By Ryan Dew | Published October 15, 2013 | Google+

I joined GiftCards.com in April of 2011. During my search for employment, the company intrigued me for the following reasons:

  • With only about 30 to 40 employees, I believed I could get involved with and impact all levels of the organization.
  • GiftCards.com is a forward-thinking company that focuses on innovation and is part of a multi-billion dollar, growing industry.
  • The company has a reputation for being one of the best places to work in Pittsburgh.
  • And the CEO, Jason Wolfe, has long been recognized as an innovator and successful entrepreneur in the region.

Shortly after I joined GiftCards.com, the company hired several executives with success influencing and leading startups plus talented employees in various departments, all in an effort to reorganize the smallish business into a more established “grown-up” company. For the past two-plus years, the overall vibe in the office has been one of continual excitement and optimism for a bright and profitable future.

Not surprisingly, we have also experienced growing pains.

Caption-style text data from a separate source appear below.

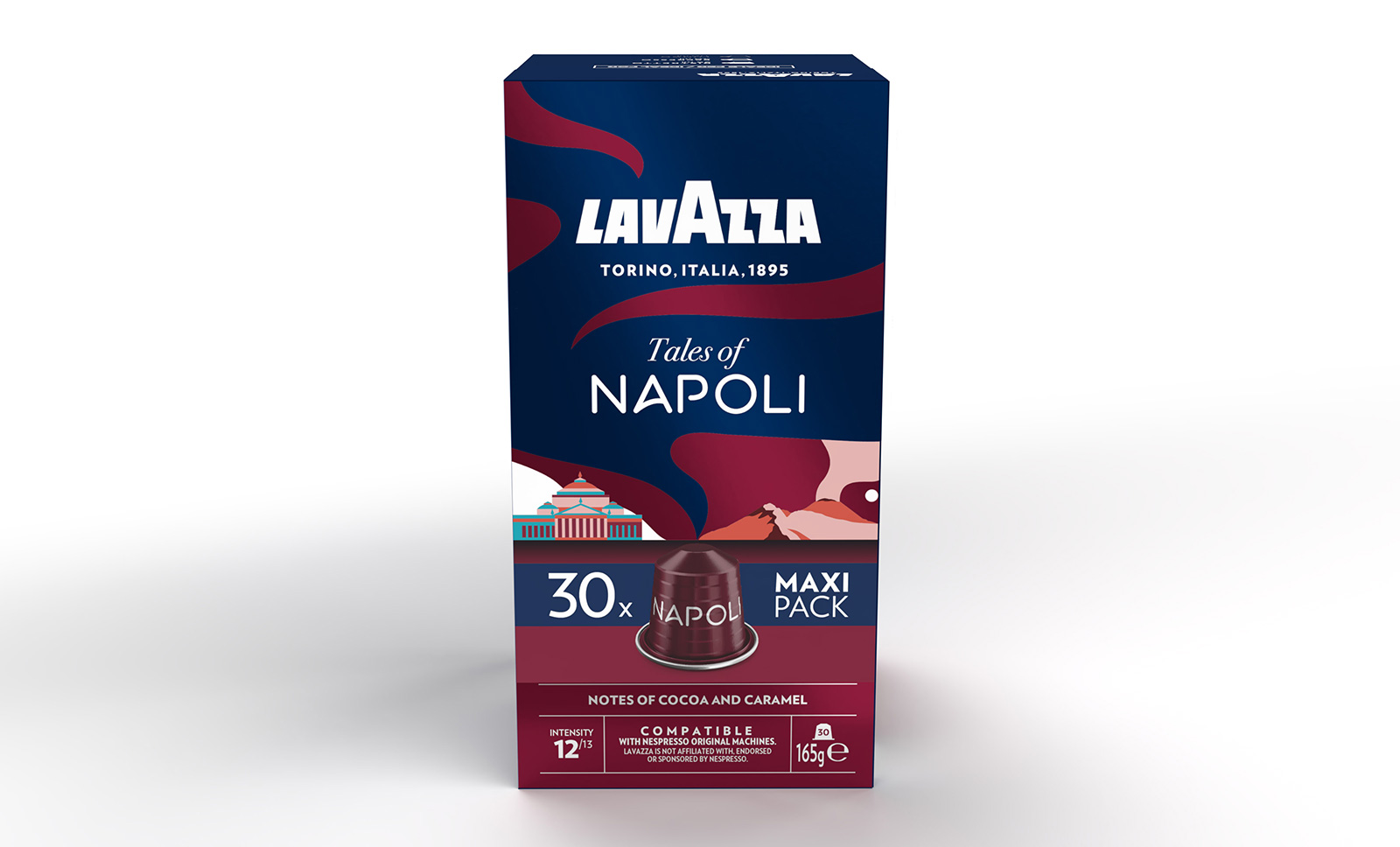 Eine Packung Kaffee | Credit: Lavazza Österreich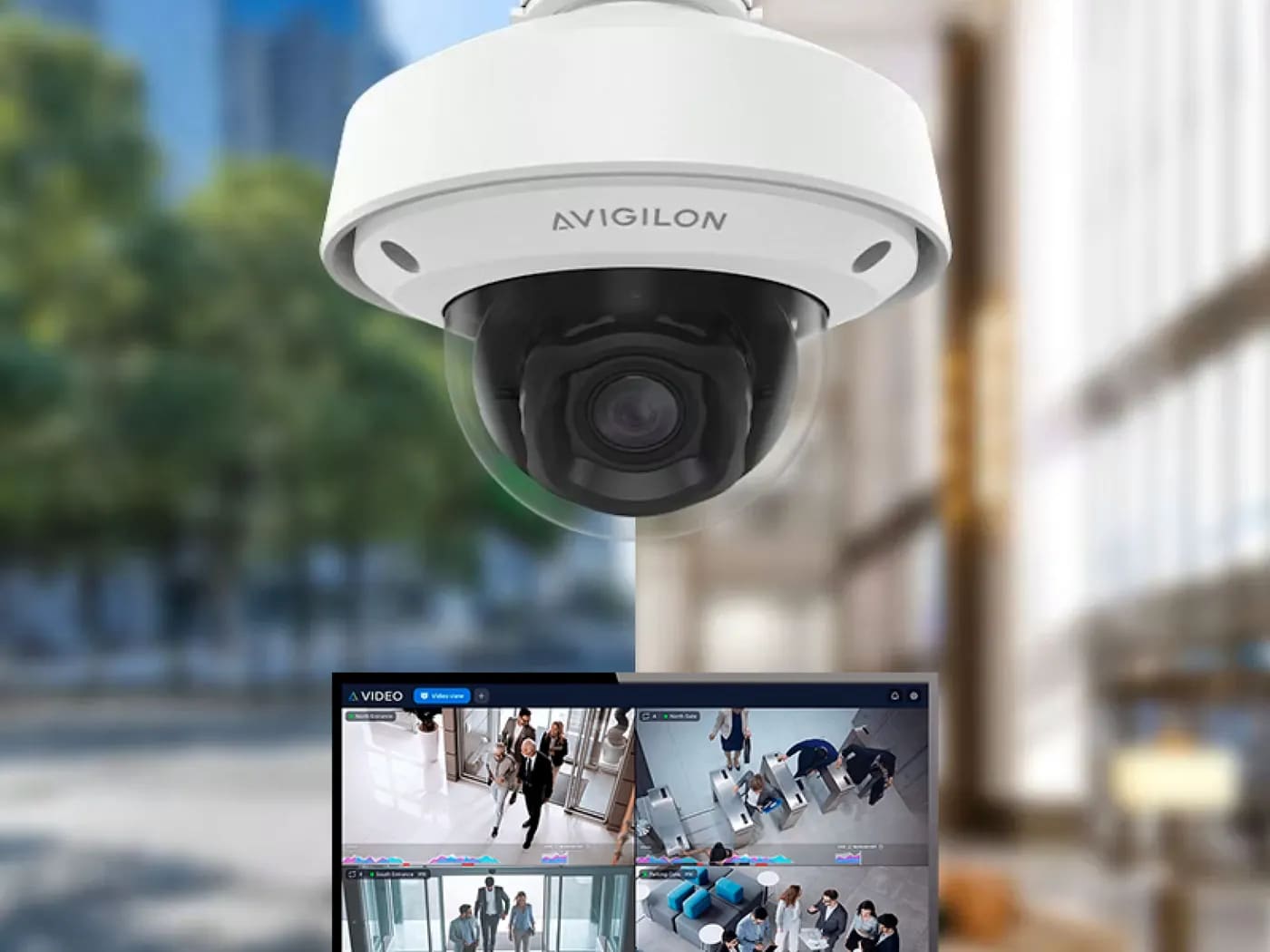 Video surveillance & analytics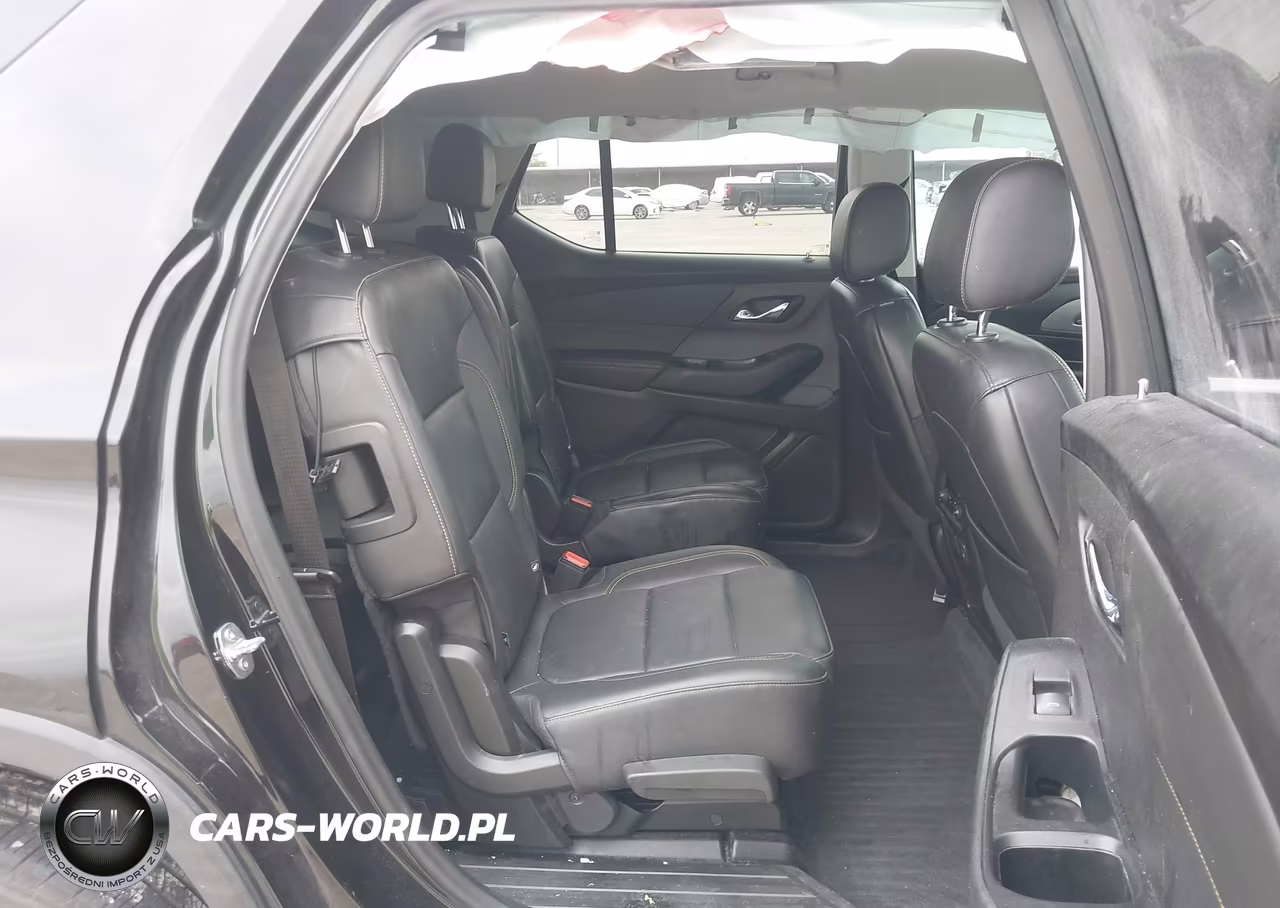 2021 Chevrolet Traverse Fwd Lt Leather VIN:1GNERHKW4MJ124341 - 8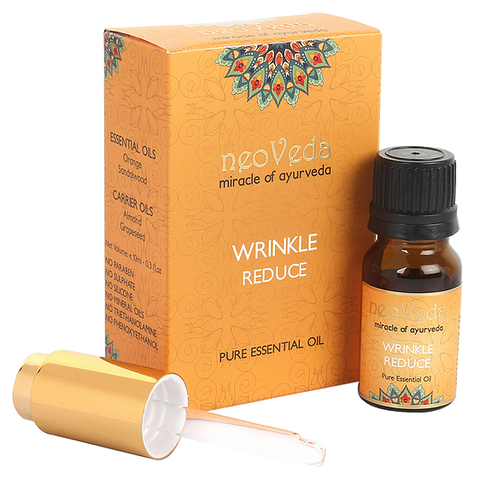 NeoVeda | Wrinkle Reduce | Essential Oil | Orange| Sandalwood | Almond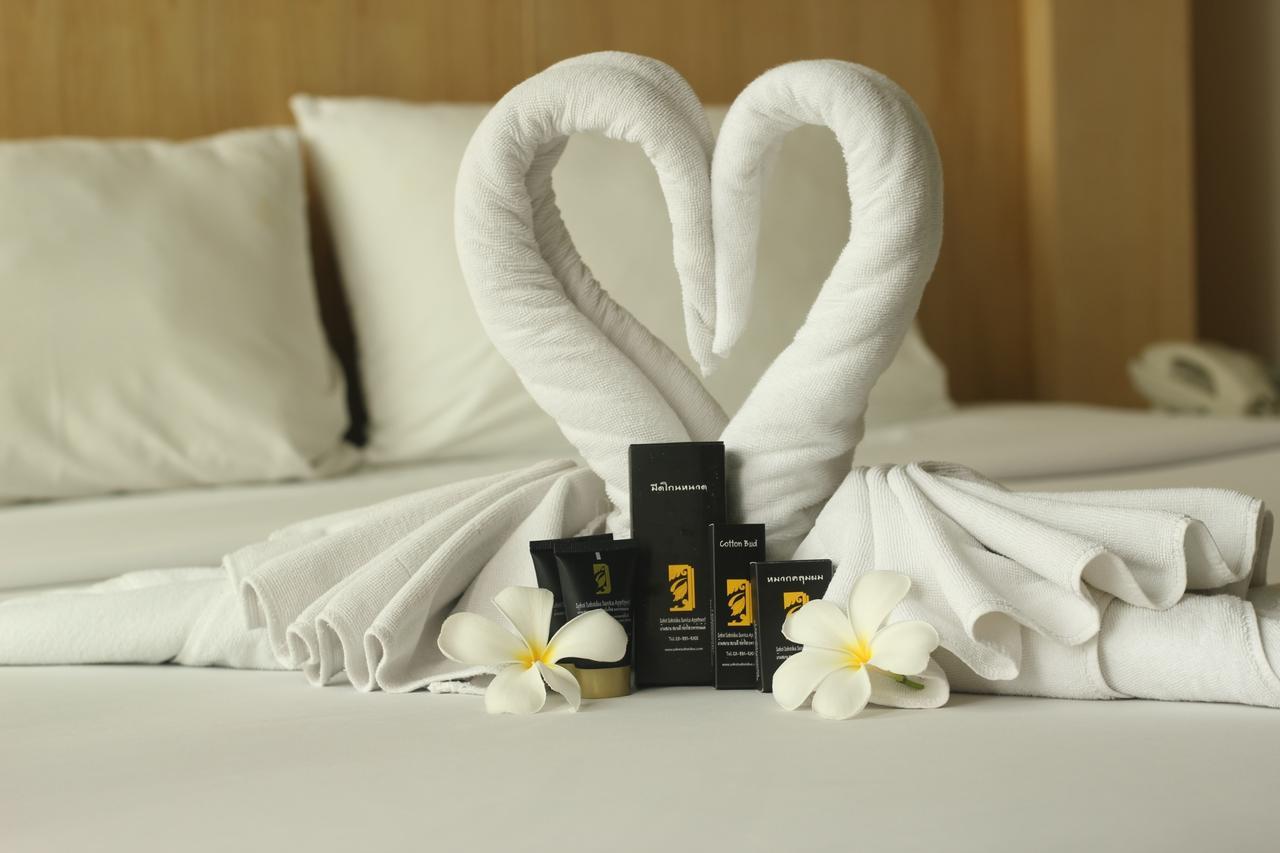 Bansabai Sabaidee Service Apartment Bangkok Kültér fotó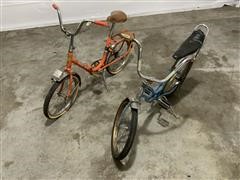 Schwinn Sting Ray & Hyda Bike Vintage Bicycles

At now nearly 100 employees, some old practices became outdated and new processes put in place to keep everyone organized and to help us deliver high quality output.  Things like setting standard procedures, tightening up our documentation, and upgrading the internal infrastructure have been welcome and challenging changes all at the same time. Since GiftCards.com continues to focus on releasing new gift card products while maintaining our existing stronghold as the most-trafficked gift card website on the Internet, the balancing act is sometimes difficult with contradictory goals.

Through this transition, however, I learned some important lessons as follows:

  • Trust your team. When there is a lot going on, it’s tempting to take on more than your share. But I found that GiftCards.com’s commitment to hiring only the highest quality people pays off, particularly in crunch time. As we trust each person to do his or her job individually, the team as a whole succeeds.
  • Be open to other perspectives. It is easy to fall back on your own experience. But I have found that progress is most frequently made when we are willing to collaborate and mesh ideas together.
  • Grow with the company. You may be the person who instituted practices that served the company well for a time but are insufficient going forward. Being defensive and resistant to change is counterproductive to you and to the entire organization. At the same time, newcomers need to be respectful of those who built the company from the ground up by listening and learning as much as possible. Everybody needs to adapt.

GiftCards.com has gone through a tremendous year of change, and we are pushing the envelope even further in the year ahead. As we strive to make gift giving fun, fast, and easier than ever, our successes will most likely not take place without a few setbacks. I look forward to continuing to grow with this company by trusting the individuals I work with, being open to other insights, and learning from the perspective of others.

Together, it is our goal to “make ‘em smile : )”, and that includes our internal as well as our external customers.